I was recently asked by a charity for some help with a problem they had. They needed to add together periods of time such as one month and five days, and two months and twenty seven days. The answer needed to be expressed in years, months and days.
Working with dates is always tricky, but of course I am an expert and can handle such things – as you can, too, no doubt. However, this problem very soon becomes severely bogged down. How many days do you add to twenty seven before it becomes a month? The answer to this is regrettably somewhat variable, and if you base this answer on the month in which you ask the question, the answer will of course change over time. It became obvious that this problem needed to have some fixed aspects to it, so that it did not matter when you looked at it, the answers were always the same.

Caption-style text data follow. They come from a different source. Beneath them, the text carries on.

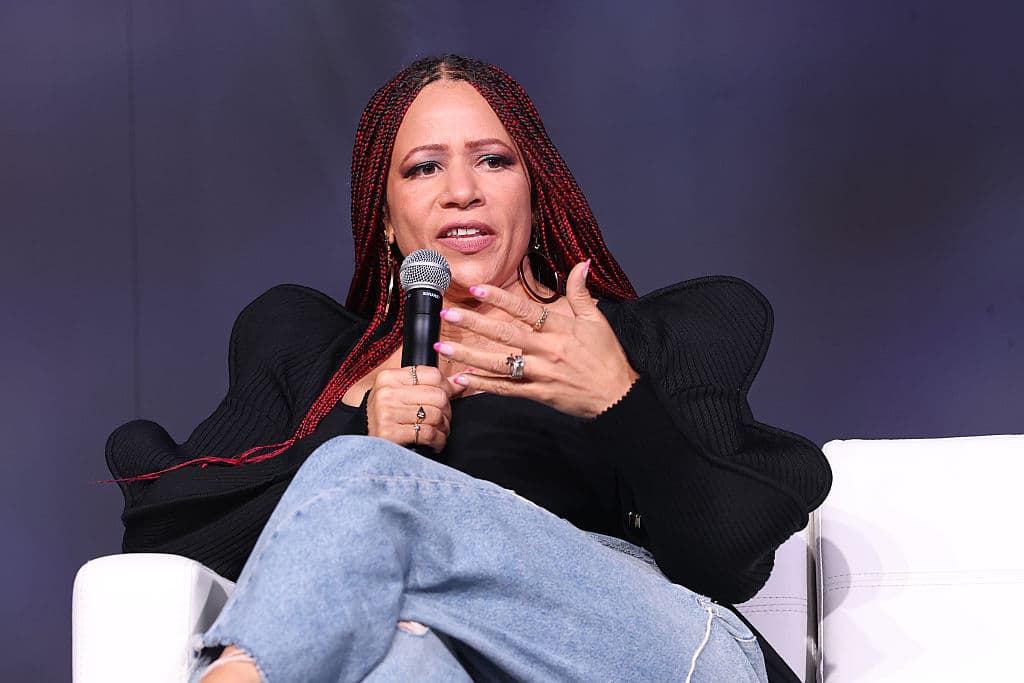 Nikole Hannah-Jones, A Pulitzer Prize-Winning Journalist, Will Open A Black-Owned Literary Hub In Brooklyn Nikole Hannah-Jones, A Pulitzer Prize-Winning Journalist, Will Open A Black-Owned Literary Hub In Brooklyn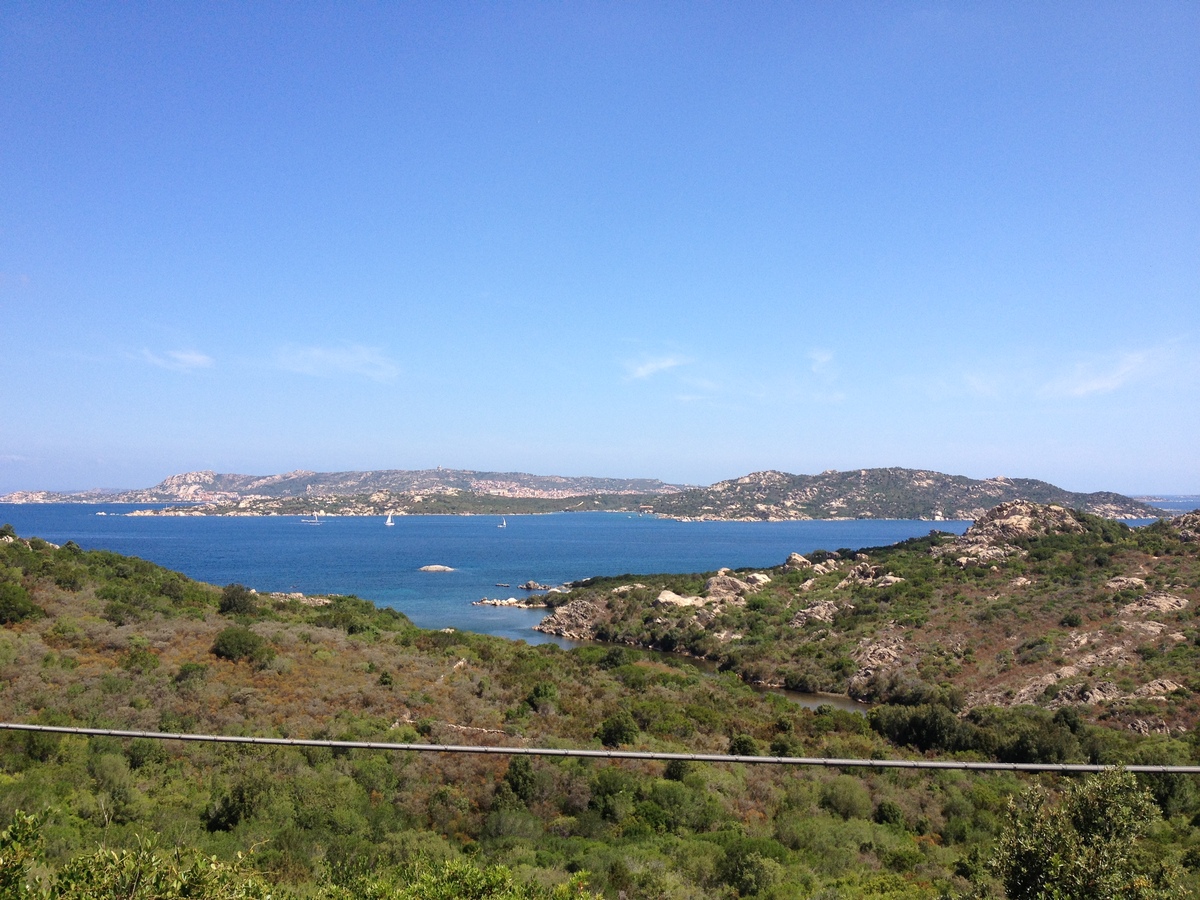 รูปถ่าย อิตาลี(Italy) ซาร์ดิเนีย(Sardinia) กอสตาสเมรัลดา(Costa Smeralda) 2015-06 101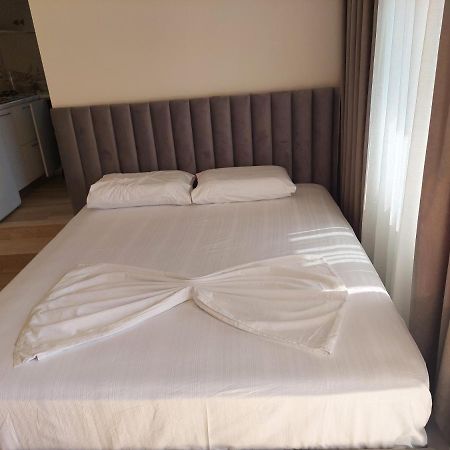 Sole Inn Vlorë Exteriér fotografie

I had a look at the data that the query worked on. This was based on a RecordOfService table, and when I looked at the data, my eyes opened very wide and nearly popped out of my head. As I mentioned, the organisation was a charity, and there were folk who volunteered for periods of duty. So they might do perhaps two months volunteering, go away for a while, and then come back for another few months, and repeat this cycle over several years.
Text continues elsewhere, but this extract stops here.